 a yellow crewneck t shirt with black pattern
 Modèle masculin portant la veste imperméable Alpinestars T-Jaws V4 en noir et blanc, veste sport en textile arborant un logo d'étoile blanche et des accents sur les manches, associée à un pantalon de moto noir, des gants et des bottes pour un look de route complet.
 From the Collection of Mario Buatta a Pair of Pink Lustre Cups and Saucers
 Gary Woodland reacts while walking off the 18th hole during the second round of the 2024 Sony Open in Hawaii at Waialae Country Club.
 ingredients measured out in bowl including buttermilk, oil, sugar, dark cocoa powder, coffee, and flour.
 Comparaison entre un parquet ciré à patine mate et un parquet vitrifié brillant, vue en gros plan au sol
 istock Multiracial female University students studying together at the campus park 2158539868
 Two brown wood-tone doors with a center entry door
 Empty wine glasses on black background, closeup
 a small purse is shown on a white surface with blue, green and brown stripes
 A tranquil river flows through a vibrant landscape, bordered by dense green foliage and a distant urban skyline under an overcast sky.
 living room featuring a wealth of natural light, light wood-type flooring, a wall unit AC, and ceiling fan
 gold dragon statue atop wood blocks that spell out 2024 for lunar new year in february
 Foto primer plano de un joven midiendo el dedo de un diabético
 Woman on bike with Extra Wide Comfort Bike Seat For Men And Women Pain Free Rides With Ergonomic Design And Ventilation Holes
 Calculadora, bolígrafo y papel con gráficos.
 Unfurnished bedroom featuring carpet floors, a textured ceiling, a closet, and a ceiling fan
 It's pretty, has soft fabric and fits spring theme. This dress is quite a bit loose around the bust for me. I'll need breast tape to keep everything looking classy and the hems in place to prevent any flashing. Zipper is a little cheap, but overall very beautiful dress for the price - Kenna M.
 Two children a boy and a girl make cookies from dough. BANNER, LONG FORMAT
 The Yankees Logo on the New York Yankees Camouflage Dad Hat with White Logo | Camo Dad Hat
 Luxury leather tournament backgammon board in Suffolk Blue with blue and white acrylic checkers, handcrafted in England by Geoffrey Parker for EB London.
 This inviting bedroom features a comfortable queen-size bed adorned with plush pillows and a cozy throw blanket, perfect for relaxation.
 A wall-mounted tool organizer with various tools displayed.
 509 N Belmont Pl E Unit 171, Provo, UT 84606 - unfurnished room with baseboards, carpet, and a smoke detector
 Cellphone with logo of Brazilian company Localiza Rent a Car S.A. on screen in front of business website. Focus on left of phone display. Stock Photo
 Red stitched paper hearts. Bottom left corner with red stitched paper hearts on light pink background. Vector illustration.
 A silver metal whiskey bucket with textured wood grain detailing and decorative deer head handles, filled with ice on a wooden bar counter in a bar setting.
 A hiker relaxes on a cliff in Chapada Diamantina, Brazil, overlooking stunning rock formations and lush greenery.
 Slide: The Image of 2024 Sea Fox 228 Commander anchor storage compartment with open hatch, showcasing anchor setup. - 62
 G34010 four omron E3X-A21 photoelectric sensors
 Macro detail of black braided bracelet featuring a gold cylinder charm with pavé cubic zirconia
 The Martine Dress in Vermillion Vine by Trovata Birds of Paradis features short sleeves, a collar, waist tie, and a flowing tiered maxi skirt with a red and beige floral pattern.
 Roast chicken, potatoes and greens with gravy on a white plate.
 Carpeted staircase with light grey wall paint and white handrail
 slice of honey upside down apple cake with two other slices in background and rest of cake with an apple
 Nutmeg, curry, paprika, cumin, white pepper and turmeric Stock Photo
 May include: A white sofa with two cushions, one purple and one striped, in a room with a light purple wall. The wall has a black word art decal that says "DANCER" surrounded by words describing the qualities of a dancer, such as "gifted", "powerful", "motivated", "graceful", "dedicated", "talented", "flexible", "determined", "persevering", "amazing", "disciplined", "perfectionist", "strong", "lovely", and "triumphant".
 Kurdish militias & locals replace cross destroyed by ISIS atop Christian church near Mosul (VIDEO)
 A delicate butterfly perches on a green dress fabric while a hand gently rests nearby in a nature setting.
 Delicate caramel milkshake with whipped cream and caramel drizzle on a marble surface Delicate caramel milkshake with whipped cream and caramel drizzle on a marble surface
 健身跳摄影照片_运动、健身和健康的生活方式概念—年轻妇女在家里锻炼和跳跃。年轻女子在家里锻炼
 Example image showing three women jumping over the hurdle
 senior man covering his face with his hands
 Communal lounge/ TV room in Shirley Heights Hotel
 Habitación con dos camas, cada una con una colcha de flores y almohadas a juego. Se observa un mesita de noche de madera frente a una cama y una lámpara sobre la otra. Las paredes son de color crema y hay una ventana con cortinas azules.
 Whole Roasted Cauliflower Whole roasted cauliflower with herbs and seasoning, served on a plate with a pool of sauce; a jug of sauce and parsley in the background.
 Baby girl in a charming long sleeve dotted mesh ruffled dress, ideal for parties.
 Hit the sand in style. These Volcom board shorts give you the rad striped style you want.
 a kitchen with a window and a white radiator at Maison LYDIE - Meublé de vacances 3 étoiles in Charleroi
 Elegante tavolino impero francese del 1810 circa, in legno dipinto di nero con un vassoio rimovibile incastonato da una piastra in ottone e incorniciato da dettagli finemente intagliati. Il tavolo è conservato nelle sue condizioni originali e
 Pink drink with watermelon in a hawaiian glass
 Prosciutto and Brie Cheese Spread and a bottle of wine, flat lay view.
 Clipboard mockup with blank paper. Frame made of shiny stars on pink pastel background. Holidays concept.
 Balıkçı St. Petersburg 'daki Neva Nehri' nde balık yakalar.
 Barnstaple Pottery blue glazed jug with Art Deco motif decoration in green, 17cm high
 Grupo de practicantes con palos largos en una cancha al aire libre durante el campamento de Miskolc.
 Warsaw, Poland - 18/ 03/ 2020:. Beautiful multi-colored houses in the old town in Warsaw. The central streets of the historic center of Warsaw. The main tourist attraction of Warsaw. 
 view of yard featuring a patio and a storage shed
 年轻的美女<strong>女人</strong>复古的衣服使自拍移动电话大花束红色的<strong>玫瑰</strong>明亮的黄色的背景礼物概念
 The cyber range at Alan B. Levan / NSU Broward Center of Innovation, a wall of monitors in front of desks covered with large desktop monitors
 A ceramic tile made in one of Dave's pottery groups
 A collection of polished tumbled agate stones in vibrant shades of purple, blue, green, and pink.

◆ ◆ ◆ ◆ ◆

Only the lines above from the one with "Unfurnished bedroom featuring" through the one with "The Yankees Logo" should be duplicated, character for character.

 Unfurnished bedroom featuring carpet floors, a textured ceiling, a closet, and a ceiling fan
 It's pretty, has soft fabric and fits spring theme. This dress is quite a bit loose around the bust for me. I'll need breast tape to keep everything looking classy and the hems in place to prevent any flashing. Zipper is a little cheap, but overall very beautiful dress for the price - Kenna M.
 Two children a boy and a girl make cookies from dough. BANNER, LONG FORMAT
 The Yankees Logo on the New York Yankees Camouflage Dad Hat with White Logo | Camo Dad Hat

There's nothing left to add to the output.